The St. Petersburg-based company said it has acquired a 40% share in the 1,780 sq. kilometre Garmian block. WesternZagros company, a Canadian firm, will also hold a 40% share.
The Russian oil giant sealed another deal in which it will hold an 80% share in the 474 sq. kilometre Shakal block. The Kurdish Regional Government will hold a 20% share in each contract. Both blocks are located in the southeastern part of the region and are expected to hold about 3.6 billion barrels of oil reserves. Gazprom’s up-front payment is said to be around $260 million.
Abu Dhabi has installed the first rapid charging station in the Middle East, reducing the time taken to recharge electric cars by over 90 percent, it was announced this week.
The CHAdeMO-certified Rapid Charger, the first of its kind in the region, has been installed at Masdar City, the low-carbon development backed by the Abu Dhabi government, and was in collaboration with Mitsubishi Heavy Industries.
The pilot project aims to assess how efficiently the rapid charger technology will function in the region’s harsh climatic conditions and will help to reduce the time taken to recharge electric vehicles (EVs).
Habtoor Leighton Group (HLG) has won a US$124m deal from the Qatar Foundation (QF) to help build a people mover system in Education City.
The network, which consists of a battery-powered tram linking various sections of the Doha complex, will be Qatar’s first fully operational rail transport system.
HLG’s scope of work includes design and construction of track-work, plus tram stops, and a depot facility. The firm bid for the project as part of a consortium led by Siemens.
Healthcare expenditures in Saudi Arabia are expected to increase by 16 percent to SR91.23 billion in 2012 from SR78.63 billion in 2011, driven by aggressive public sector investments in healthcare facilities.
The medical devices sector, on the other hand, will sustain a 17.9 percent growth, reaching SR6.53 billion in 2012 from SR5.54 billion in the previous year. The increase in healthcare spend has attracted the attention of global healthcare suppliers and manufacturers, while giving Saudi healthcare sector better access to the latest state-of-the-art medical technologies and value-added services.
US sanctions are costing Iran around US$133m a day in lost oil sales, Bloomberg reported just a day after the US Congress overwhelmingly passed a new package of sanctions aimed at punishing banks, insurance companies and shippers that help Tehran sell its oil.

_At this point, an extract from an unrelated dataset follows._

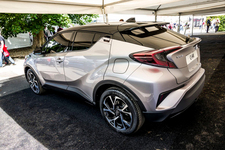 トヨタ C-HR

Iran, OPEC’s third-largest producer, has seen oil shipments slump 52 percent, or by 1.2m bpd, since sanctions began and are costing around US$133m a day in losses, according to figures compiled by the Bloomberg news agency.

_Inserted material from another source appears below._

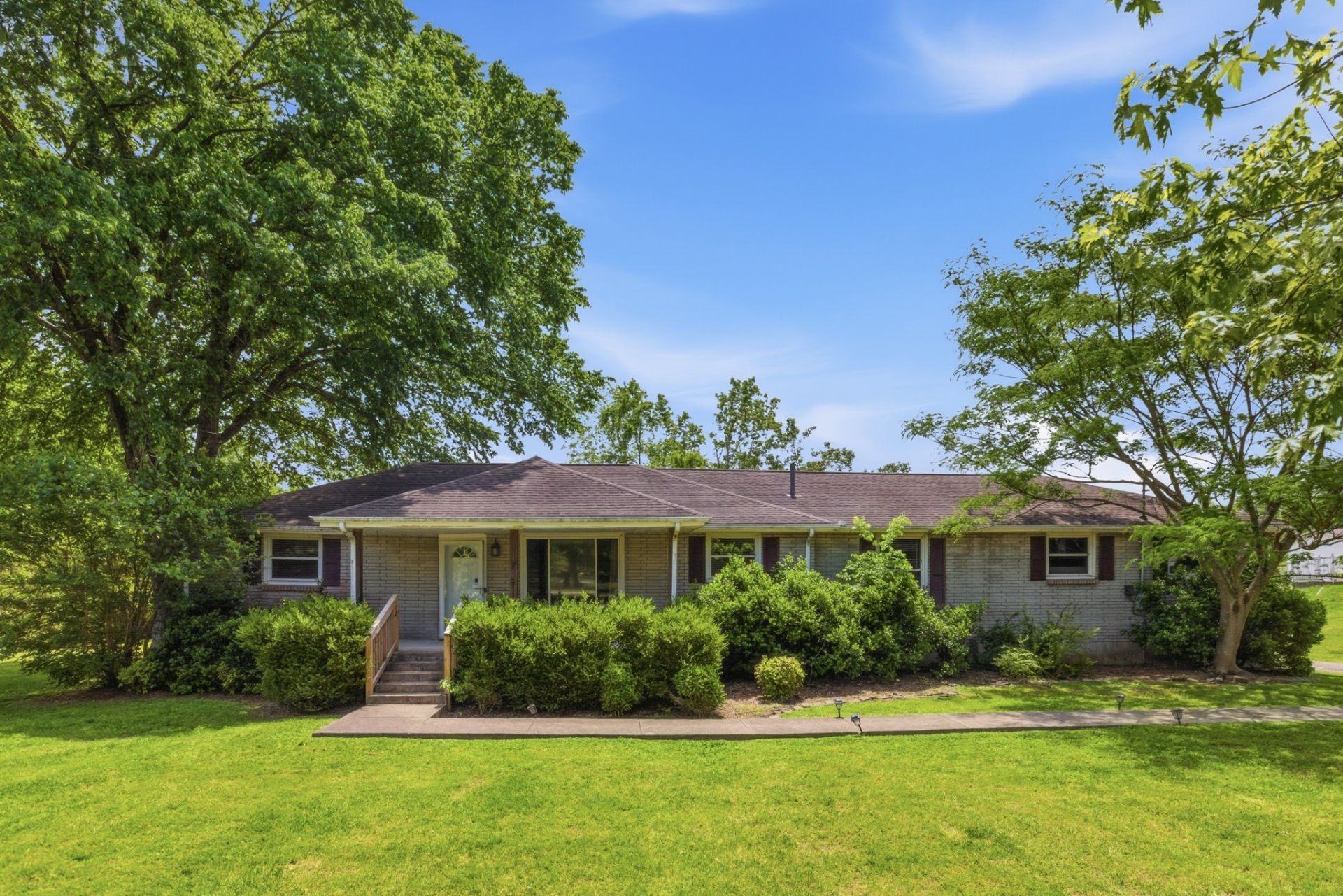 1345 Cheshire Dr, Nashville, TN 37207 Main Photo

The opening of a small bakery in Tripoli early last month has marked the first time that a US brand has launched in Libya.
Seattle-based Cinnabon, which describes itself as “the market leader among cinnamon roll bakeries” and has more than 900 locations in 51 countries, had been planning the outlet for over two years.
The Cinnabon location, which is co-branded with Carvel – an ice-cream brand – is based on a busy street in Tripoli’s business district. The site was developed by franchise partners Arief and Ahmed Swaidek, who have plans to add “at least ten” more Cinnabon stores in the next five years.